Z końcem wakacji NAC Rally Team zamierza wystartować w Baja Poland ? szczecińskiej rundzie Pucharu Świata FIA, którą dla polskich off-roaderów jest imprezą nieomal obowiązkową. Rzadko się zdarza szansa rywalizacji ?na własnym podwórku? (a konkretnie drawskim poligonie) z najlepszymi zawodnikami świata, której na dodatek towarzyszy duże zainteresowanie mediów i kibiców.
Zamknięciem tegorocznego sezonu dla zawodników warszawskiego zespołu będzie kolejny jesienny rajd afrykański – prawdopodobnie Rajd Faraonów w Egipcie lub Rajd Maroka, w którym z powodzeniem brali udział w ubiegłym sezonie. Dla ?arabskiej? Toyoty powrót do ciepłych krajów będzie okazją do zaprezentowania jej pustynnych umiejętności.
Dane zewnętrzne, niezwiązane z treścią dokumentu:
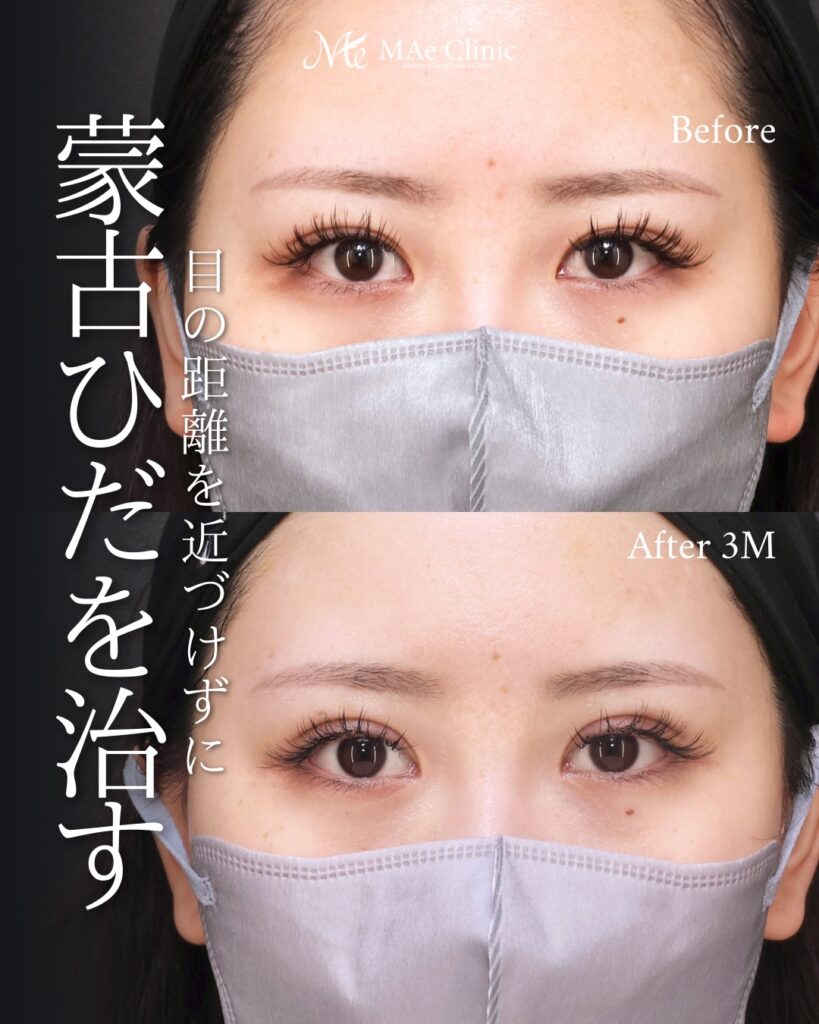 目頭切開（リドレープ法）前之園健太医師症例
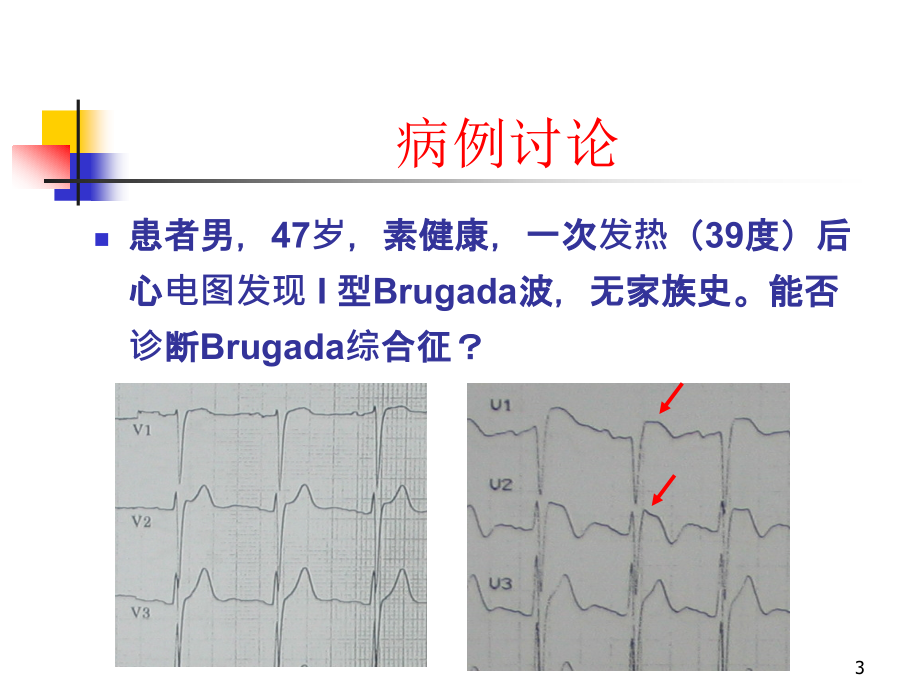 （优质医学）Brugada综合征的临床诊断_第3页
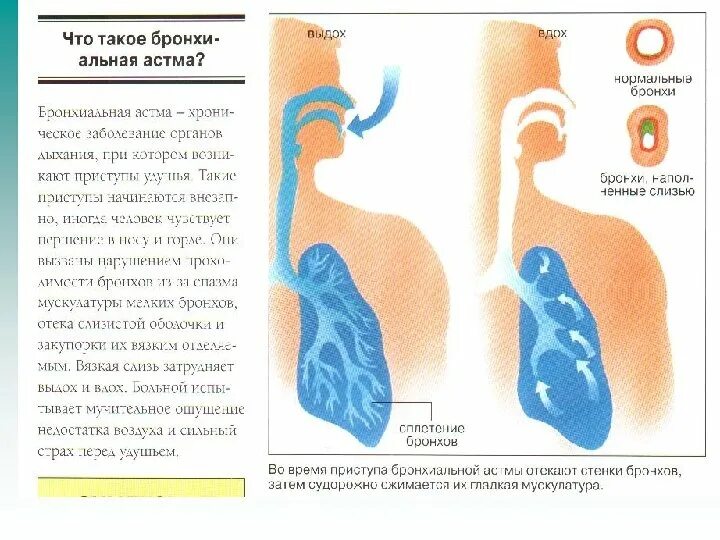 Вдох выдох выдох впр. При астме затруднен вдох. При астме затруднен выдох. При астме затруднен вдох или выдох. Астма на вдохе или выдохе.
Czy w planach NAC Rally Teamu jest występ w rajdzie Dakar? W zasadzie nic nie stoi na przeszkodzie ? z rajdową Toyotą, szybkim wsparciem w postaci Unimoga T4 i jadącą na zapleczu ciężarówką serwisową zespół doświadczonych zawodników i serwisantów miałby szansę powalczyć o dobry wynik w grupie T2. By jednak wziąć udział w Dakarze, konieczne jest zgromadzenie dość pokaźnego budżetu. Póki co nad Dakarem postawiony został więc duży znak zapytania.